Pushkar Sharma
- Sharma in 2022

Personal information
- Born: 12 October 2000 (age 25) Jalgaon, Maharashtra, India
- Batting: Left-handed
- Bowling: Left-arm medium-fast
- Role: All-rounder

International information
- National side: Kenya;
- T20I debut (cap 43): 17 November 2022 v Saint Helena
- Last T20I: 02 October 2025 v Zimbabwe
- T20I shirt no.: 12

Career statistics
| Competition | T20I | List A |
| Matches | 27 | 10 |
| Runs scored | 373 | 307 |
| Batting average | 16.21 | 34.11 |
| 100s/50s | 0/0 | 0/3 |
| Top score | 43 | 78 |
| Balls bowled | 134 | 150 |
| Wickets | 5 | 6 |
| Bowling average | 30.20 | 25.50 |
| 5 wickets in innings | 0 | 0 |
| 10 wickets in match | 0 | 0 |
| Best bowling | 1/3 | 3/25 |
| Catches/stumpings | 2/– | 3/– |
- Source: Cricinfo, 31 August 2025

= Pushkar Sharma (cricketer) =

Kenyan cricketer

Pushkar Shivkumar Sharma (also known as Puoshkar Sharma) is a Kenyan cricketer who plays for the Kenya national cricket team. Born in India, he captained the Mumbai Under-16 cricket team. In 2019, He joined Ruaraka Sports Club and played in the Nairobi County Cricket Association league, finishing as the top scorer with 841 runs in 14 innings.

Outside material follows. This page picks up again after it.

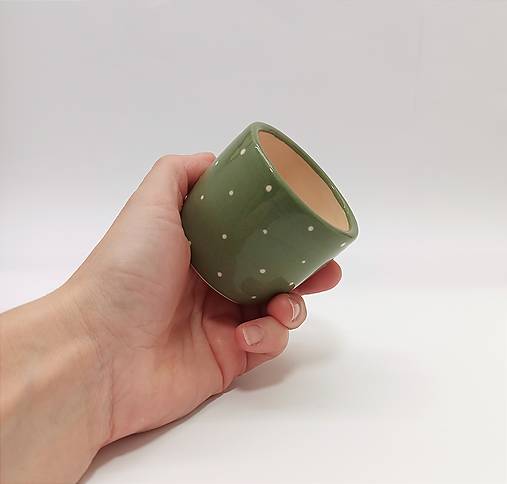 Šálka zelená s bodkami bez ucha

Sharma made his T20I debut for Kenya in 2022 during the ICC Men's T20 World Cup Africa Qualifiers, opening the batting alongside Collins Obuya. He was part of Kenya’s record 10-wicket victory over Mali national cricket team, scoring 14* in a chase completed in just 15 balls, one of the most dominant wins in T20I history.

He has also played in the 2025 Pearl of Africa T20 Series, and represented Kenya in the ICC Cricket World Cup Challenge League, scoring fifties against Denmark and Kuwait and finishing among Kenya’s top run-scorers.

Sharma has received sponsorship from IndiaFirst Life Insurance Company Limited, Mumbai, India.

== Family ==
Sharma married Sita Mishra on 7 December 2023. The couple had their first child in 2024. He lives in Nairobi and works as a marketing manager.

== Record ==
On 20 November 2022, Kenya national cricket team beat Mali national cricket team by 10 wickets with 105 balls remaining in the ICC Men's T20 World Cup Sub Regional Africa Qualifier Group A, chasing 31 in 15 balls—one of the most dominant T20I wins—with Pushkar Sharma (14*) and Collins Obuya (18*).